В апреле при пуске объекта «Д», который должен был стать третьим советским спутником, наша Р-7 снова решила показать свой норов — она отправила «за бугор» полезный груз со всеми его драгоценными научными приборами. Келдыш и все молодое космическое научное сообщество были в трауре. Но Королев не сдался.

На заводе шла сборка дублера спутника. СП собрал всех своих приближенных, объявил, что, несмотря на неудачу, каждому выплачивается крупная премия при условии, что все остаются на полигоне и готовят следующий носитель. Пуск необходимо провести в середине мая. Он с Келдышем улетает в Москву для форсирования подготовки нового третьего спутника. Нелегкое это было решение, но выхода не было. Обязательства по пуску «научной лаборатории в космосе» уже были даны Хрущеву.

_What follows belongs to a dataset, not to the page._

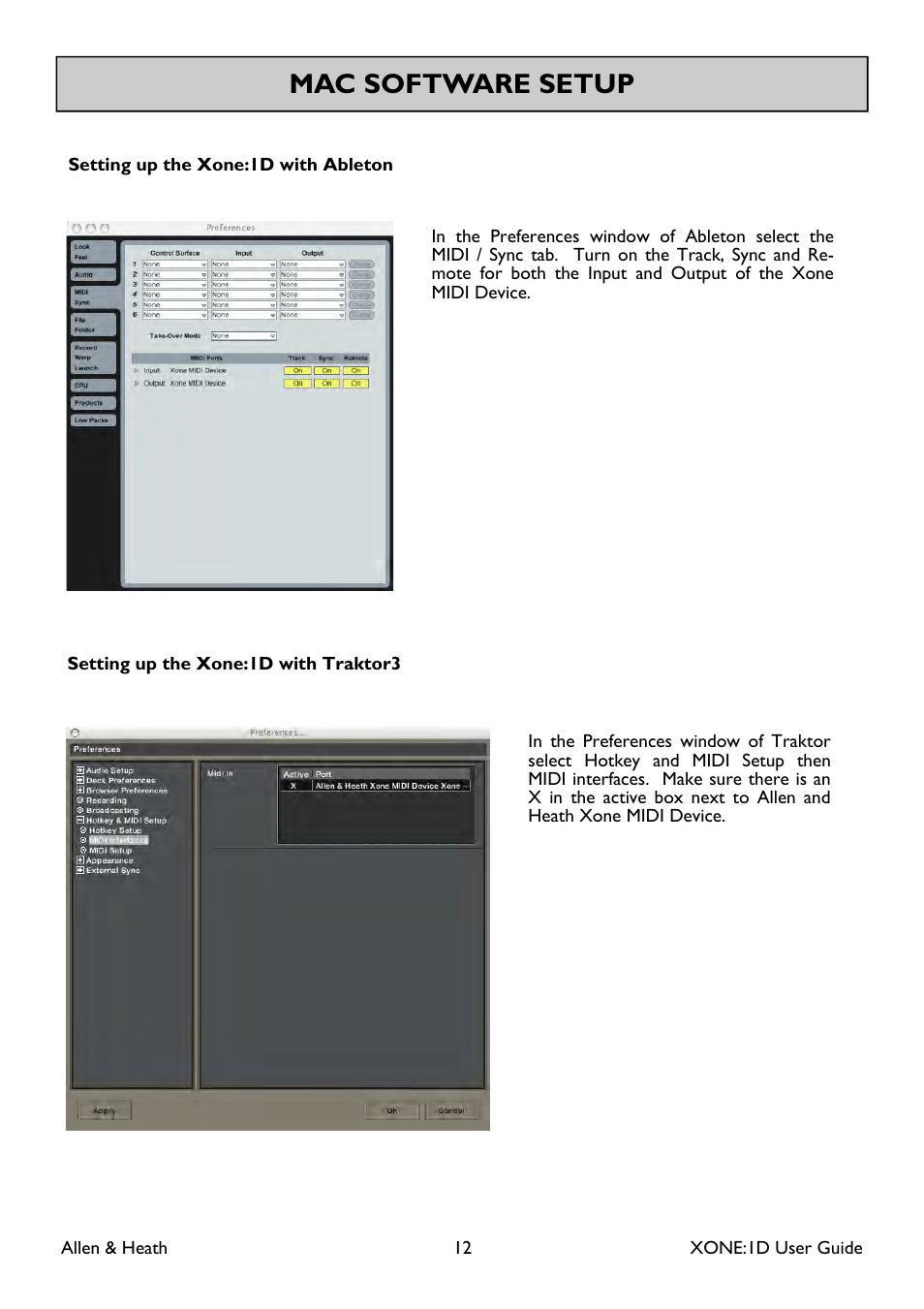 Mac software setup | Allen&Heath XONE:1D User Guide User Manual | Page 12 / 14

На событиях, связанных с третьим спутником, стоит остановиться особо.

15 мая 1957 года мы, поздравляя друг друга с первым пуском, утешались тем, что так и должно быть — «первый блин всегда комом». 15 мая 1958 года было определенной компенсацией за этот «первый блин». На ракете Б1-1 был выведен на орбиту третий советский ИСЗ. Внушительная масса спутника 1327 кг, из которых 968 кг приходилось на научную и измерительную аппаратуру, снова вызвала восторженные отзывы в прессе.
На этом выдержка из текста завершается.